All we do is add one more element to the standard Transformer block:

from torch import nn

class TransformerBlock(nn.Module):

    def __init__(self, config, index):
        super().__init__()
        self.attention = SelfAttention(config, index)
        self.ff = MLP(config, index)

        # New!
        self.extra = PerTokenTrans(config, index)

    def forward(self, x, token_indices):

        x_att = self.attention(norm(x))
        x = x + x_att

        # New!
        x = x + self.extra(x, token_indices)

        x_ff = self.ff(norm(x))
        x = x + x_ff

        return x

The per-token-transform here does three things:

Projects the residual stream down to a much smaller (~square root of hidden dim) size through a simple linear layer.
Multiplies the stream with a token-index-specific matrix, within that tiny subspace.
Projects up back to the full hidden dimension. Following NanoGPT, I initialize this matrix to zero.

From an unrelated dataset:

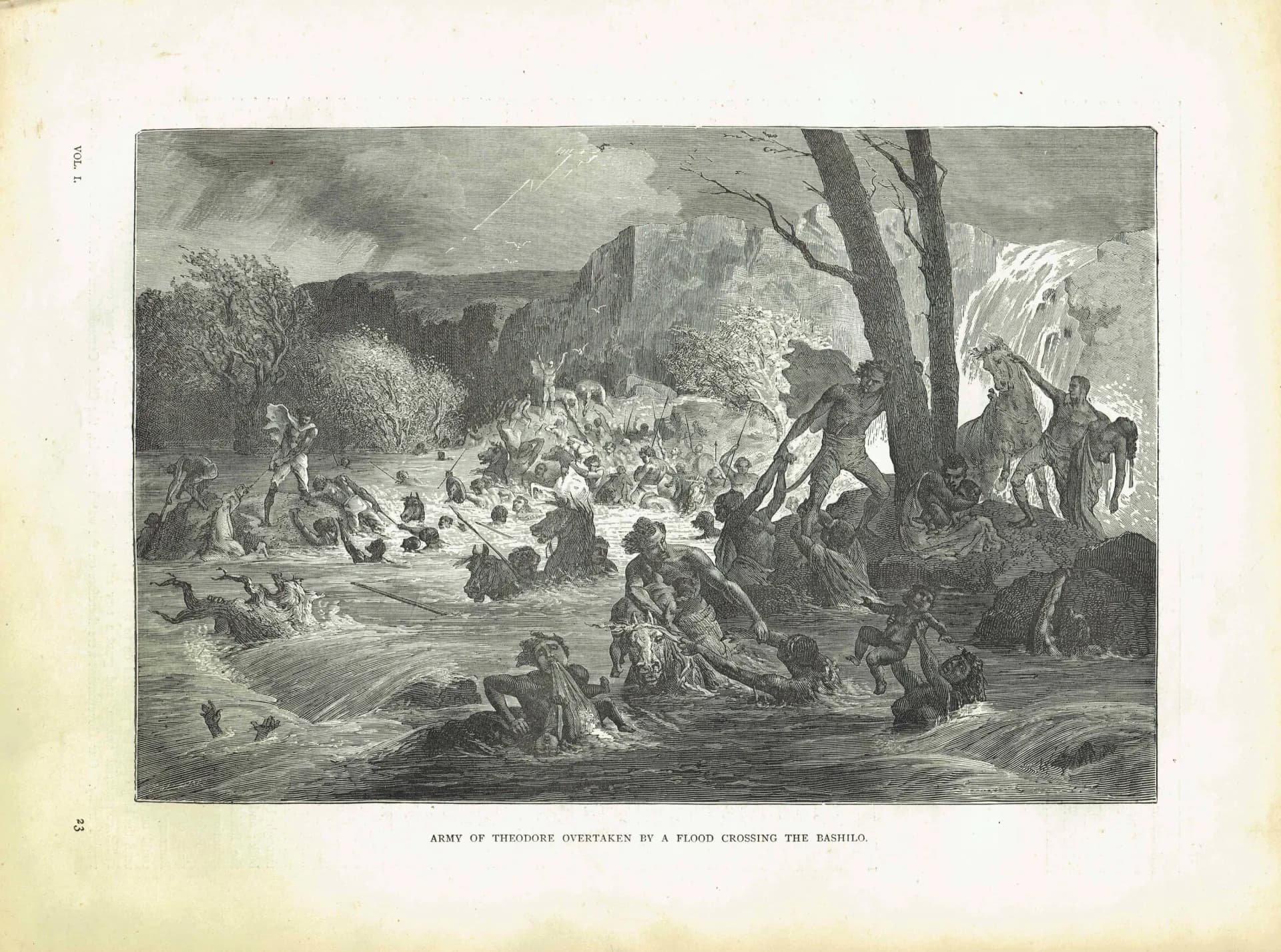 1869 Army of Theodore Crossing Bashilo River - Original Antique Print - Sudan Military History Victorian Exploration Africa - 11.75 x 8.7...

This is a ton of parameters (~4x more), but very few floating-point-operations, and also relatively little memory. It dependably increases performance up to the largest size I've managed to test, and across a variety of Transformer widths / heights. Here's a typical improvement, whch looks about the same at every sale I've found.

Token-Linear Transform

Note that this chart is typical in the sense that it starts off even or a bit behind, in terms of wall-clock time, before pulling ahead.

Note also that this is a slightly pessimistic chart -- I've found that this change may let you bump up the learning rate higher than you otherwise might, but this is of learning-rate-matched runs.

You can frame this change in two different ways, I think:

You can see it as a simplified per-token Hash MoE. if you want. We route each token to a different "expert", it's just a very small expert with no discontinuity.
You can see it as a way to have an extra per-token embedding, and thus save on compute, in the same way that the NanoGPT speedrun has extra embeddings per-token put into the value section of attention.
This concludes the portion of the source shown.